WASHINGTON — President Barack Obama pushed the leaders of Guatemala, Honduras and El Salvador on Friday to find ways to keep their countries' children from fleeing here illegally and creating a crisis on the southern U.S. border.
Obama invited the presidents of the three Central American nations to the White House to discuss possible solutions to the growing number of children traveling to the United States illegally and alone.
"I emphasized that the American people and my administration have great compassion for these children," Obama said as the nearly two-hour meeting in the Cabinet Room closed. "But I also emphasized to my friends that we have to deter a continuing influx of children putting themselves at risk."
The four presidents pledged cooperation but didn't make any announcements about programs or assistance.
One option they did discuss was a possible pilot program to allow children from Honduras into the United States without making the journey through Mexico.
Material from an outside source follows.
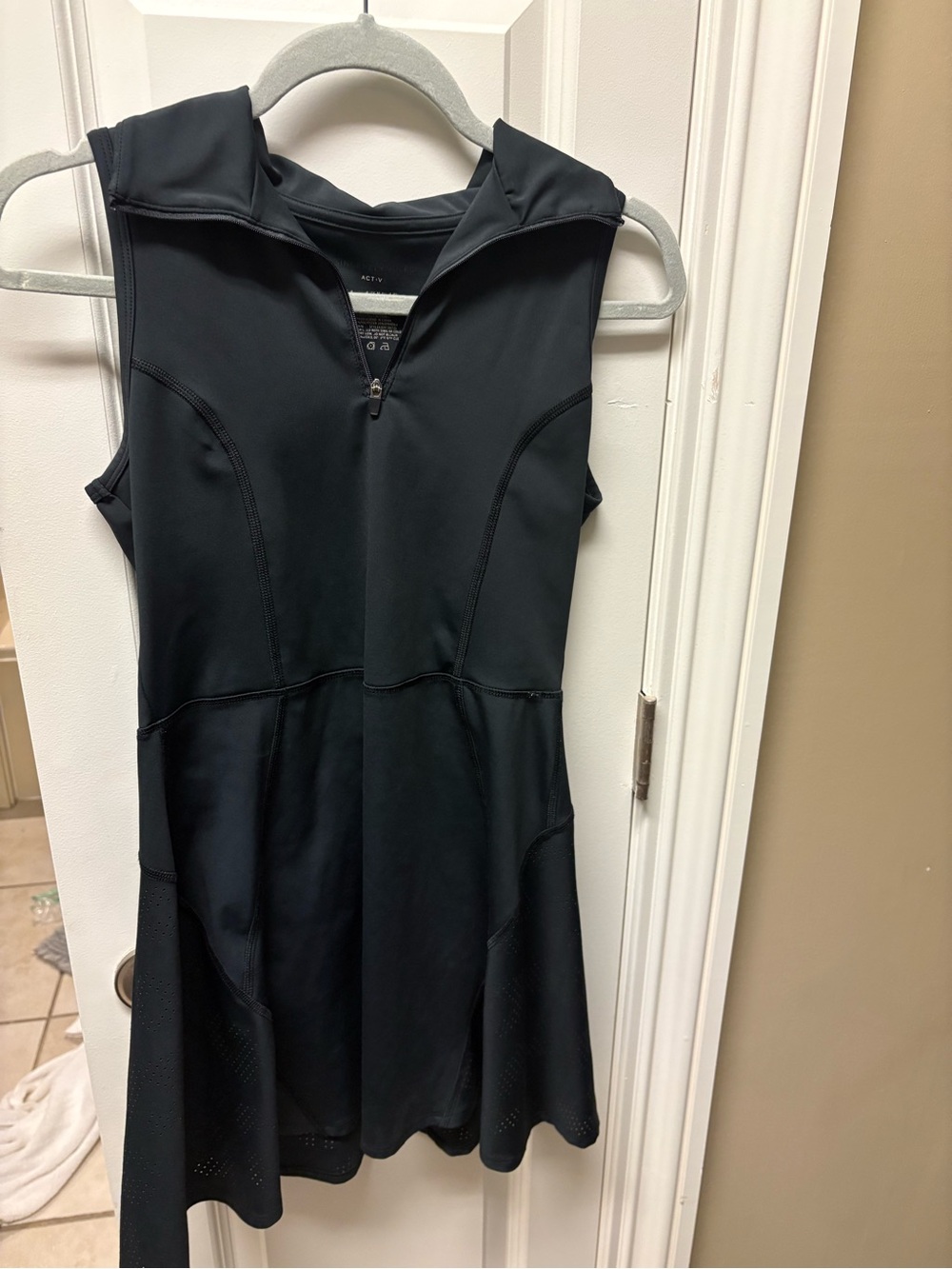 Sincerely Jules Black Sleeveless Zip-Front Mini Dress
It could later be expanded to Guatemala and El Salvador.
The proposal calls for screening children who are fleeing dangerous street gangs in Honduras to determine whether they could enter as refugees or on emergency humanitarian grounds, similar to past efforts in Haiti and Vietnam. The White House said the program could be enacted through executive action without congressional approval.
"There may be some narrow circumstances in which there is humanitarian or refugee status that a family might be eligible for," Obama said. "But I think it's important to recognize that that would not necessarily accommodate a large number of additional migrants."
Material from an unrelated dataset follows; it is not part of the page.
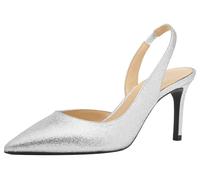 Michael Kors Décolleté Alina Flex Sling Pump Argento Taglia 39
The number of unaccompanied children traveling from El Salvador, Guatemala and Honduras, most through the Rio Grande Valley in Texas, has surged this year, despite an increase in deportations.
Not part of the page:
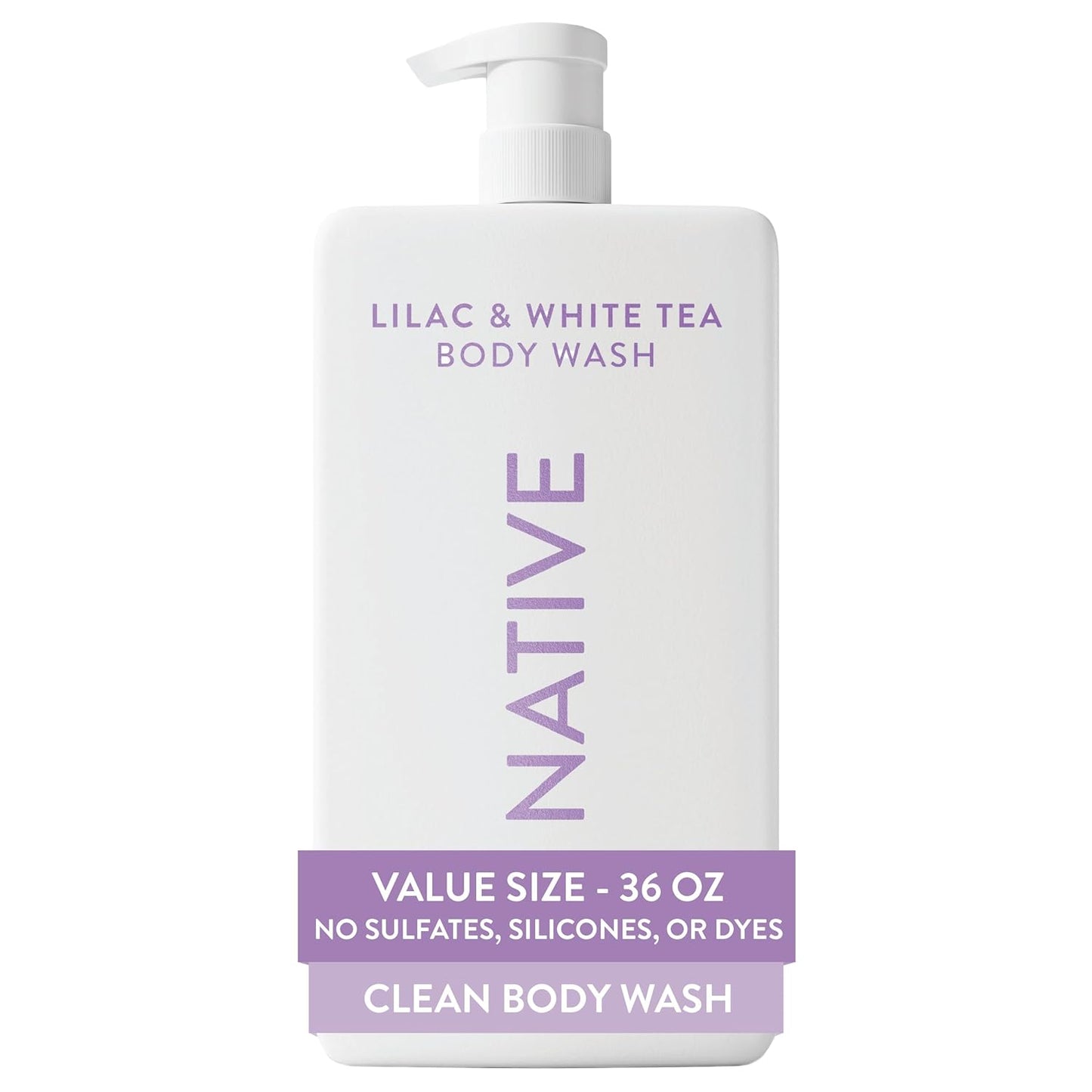 Native Body Wash - Eucalyptus & Mint, Sulfate-Free Formula | 36 oz Pump Bottle for Men & Women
About 52,000 minors traveling without their parents have been caught at the border since October, according to the Obama administration. But the flow has slowed in recent weeks — from more than 350 per day in June to about 150 daily the first two weeks of July — probably because of many factors, from the weather to a media campaign urging parents not to send their children to the United States.
Presidents Otto Perez Molina of Guatemala and Juan Orlando Hernandez of Honduras have stepped up criticism of the U.S. government, saying it has failed to help their governments battle the drug trafficking that's partly to blame for the surge in child migrants.
"We are working very hard. But it would be far easier if we had aggressive cooperation from the United States," Perez Molina said Thursday at a forum organized by the Center for Strategic & International Studies in Washington.
Hernandez said vast U.S. antinarcotics programs in Colombia and Mexico have pushed drug traffickers to Central America, creating havoc in countries such as his.
"The Colombia plan … worked very well for Colombia and for Mexico," Hernandez said. "But we're picking up the pieces because they all came home to roost in Central America."
Honduras has become a crucial transshipment point for cocaine smuggled to the United States. The State Department estimated last year that 87 percent of the cocaine-smuggling flights that depart from South America land in Honduras, a country that now boasts the highest homicide rate in the world. Roughly 80 percent of the cocaine that moves through Central America goes through Guatemala.
Obama recently asked Congress to approve $3.7 billion to help pay for additional Border Patrol agents, more beds at detention centers and an increase in prosecutions of smuggling networks, but lawmakers so far have balked. He also wants Congress to let his administration treat unaccompanied children from Central American countries the same way it treats those from Mexico and allow them to be returned swiftly.
House Speaker John Boehner, R-Ohio, told lawmakers Friday that the chamber will vote next week on a package designed to stem the flow of children. The plan includes recommendations from a working group led by Rep. Kay Granger, R-Texas, to treat children from Central America the same as those from Mexico.
"The revisions to the '08 law will enable quick processing by putting them on the same level as those from Mexico," Granger spokesman Steve Dutton said.
President George W. Bush signed an immigration bill in 2008 — intended to prevent child smuggling — that requires children who aren't from Mexico to go through deportation proceedings, while Mexican immigrants can be sent back immediately.
The package would also authorize sending National Guard troops to the border, give the Border Patrol access to federal lands that have become havens for smugglers and increase the number of immigration judges.
Administration officials say the money is urgently needed, but they don't have much hope that the Republican-led House of Representatives and the Democratic-controlled Senate will agree on a bill before their five-week recess begins at the end of next week.
"What we've seen from Congress is a lot of talk but not really any action," White House press secretary Josh Earnest said.